#### YOUR INSTRUCTIONS:
Your answer should consist only of the line with "Une adolescente coquine" and the lines after it, reproduced exactly through the end of the entries below.

————————

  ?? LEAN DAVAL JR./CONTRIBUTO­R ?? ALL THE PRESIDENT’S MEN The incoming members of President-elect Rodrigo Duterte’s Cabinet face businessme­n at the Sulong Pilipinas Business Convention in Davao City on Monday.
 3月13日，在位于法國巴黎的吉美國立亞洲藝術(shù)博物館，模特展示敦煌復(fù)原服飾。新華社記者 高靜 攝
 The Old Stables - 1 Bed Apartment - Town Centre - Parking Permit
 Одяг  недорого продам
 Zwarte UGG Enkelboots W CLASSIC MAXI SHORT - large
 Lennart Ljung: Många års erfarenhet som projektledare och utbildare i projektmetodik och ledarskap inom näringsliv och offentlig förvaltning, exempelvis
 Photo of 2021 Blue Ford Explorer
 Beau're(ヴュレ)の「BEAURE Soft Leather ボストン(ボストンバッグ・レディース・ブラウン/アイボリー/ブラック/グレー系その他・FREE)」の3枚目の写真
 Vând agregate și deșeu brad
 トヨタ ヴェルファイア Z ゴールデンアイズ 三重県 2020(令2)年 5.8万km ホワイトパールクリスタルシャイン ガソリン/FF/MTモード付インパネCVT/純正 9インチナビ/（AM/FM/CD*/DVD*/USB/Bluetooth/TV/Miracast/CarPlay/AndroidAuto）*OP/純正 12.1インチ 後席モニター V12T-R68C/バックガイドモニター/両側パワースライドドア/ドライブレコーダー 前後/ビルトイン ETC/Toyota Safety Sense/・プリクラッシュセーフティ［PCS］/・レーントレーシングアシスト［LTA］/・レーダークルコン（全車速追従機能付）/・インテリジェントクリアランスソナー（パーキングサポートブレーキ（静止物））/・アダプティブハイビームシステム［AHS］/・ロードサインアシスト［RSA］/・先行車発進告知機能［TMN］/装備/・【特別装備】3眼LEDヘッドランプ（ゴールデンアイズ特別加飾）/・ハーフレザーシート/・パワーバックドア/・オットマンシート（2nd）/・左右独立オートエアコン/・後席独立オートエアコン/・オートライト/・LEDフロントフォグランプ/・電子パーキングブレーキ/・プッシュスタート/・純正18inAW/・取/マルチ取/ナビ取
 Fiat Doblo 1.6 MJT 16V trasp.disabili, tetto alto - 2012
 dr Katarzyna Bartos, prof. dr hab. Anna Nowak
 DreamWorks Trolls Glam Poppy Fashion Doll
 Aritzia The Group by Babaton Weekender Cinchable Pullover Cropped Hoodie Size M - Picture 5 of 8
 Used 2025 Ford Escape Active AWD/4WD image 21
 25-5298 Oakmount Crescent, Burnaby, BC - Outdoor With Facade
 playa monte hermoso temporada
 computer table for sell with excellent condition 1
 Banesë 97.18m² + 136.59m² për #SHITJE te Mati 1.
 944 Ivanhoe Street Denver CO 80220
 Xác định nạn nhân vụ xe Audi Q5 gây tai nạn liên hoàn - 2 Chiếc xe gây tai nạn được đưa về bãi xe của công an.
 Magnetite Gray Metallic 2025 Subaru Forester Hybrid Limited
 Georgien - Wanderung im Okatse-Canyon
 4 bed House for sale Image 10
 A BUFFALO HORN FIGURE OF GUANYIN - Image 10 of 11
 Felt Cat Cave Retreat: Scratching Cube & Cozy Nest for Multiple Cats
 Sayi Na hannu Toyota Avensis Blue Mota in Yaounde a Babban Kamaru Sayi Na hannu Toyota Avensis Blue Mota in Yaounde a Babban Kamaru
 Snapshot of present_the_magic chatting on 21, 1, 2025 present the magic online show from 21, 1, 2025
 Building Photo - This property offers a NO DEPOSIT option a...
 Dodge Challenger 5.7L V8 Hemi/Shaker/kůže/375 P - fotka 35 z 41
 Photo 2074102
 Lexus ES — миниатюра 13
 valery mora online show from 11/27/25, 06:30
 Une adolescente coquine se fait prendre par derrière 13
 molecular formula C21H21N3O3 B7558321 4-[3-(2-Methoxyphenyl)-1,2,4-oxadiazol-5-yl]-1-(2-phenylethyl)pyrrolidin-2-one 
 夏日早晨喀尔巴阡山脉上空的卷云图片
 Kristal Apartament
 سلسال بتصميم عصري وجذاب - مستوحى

————————

#### SOLUTION:
 Une adolescente coquine se fait prendre par derrière 13
 molecular formula C21H21N3O3 B7558321 4-[3-(2-Methoxyphenyl)-1,2,4-oxadiazol-5-yl]-1-(2-phenylethyl)pyrrolidin-2-one 
 夏日早晨喀尔巴阡山脉上空的卷云图片
 Kristal Apartament
 سلسال بتصميم عصري وجذاب - مستوحى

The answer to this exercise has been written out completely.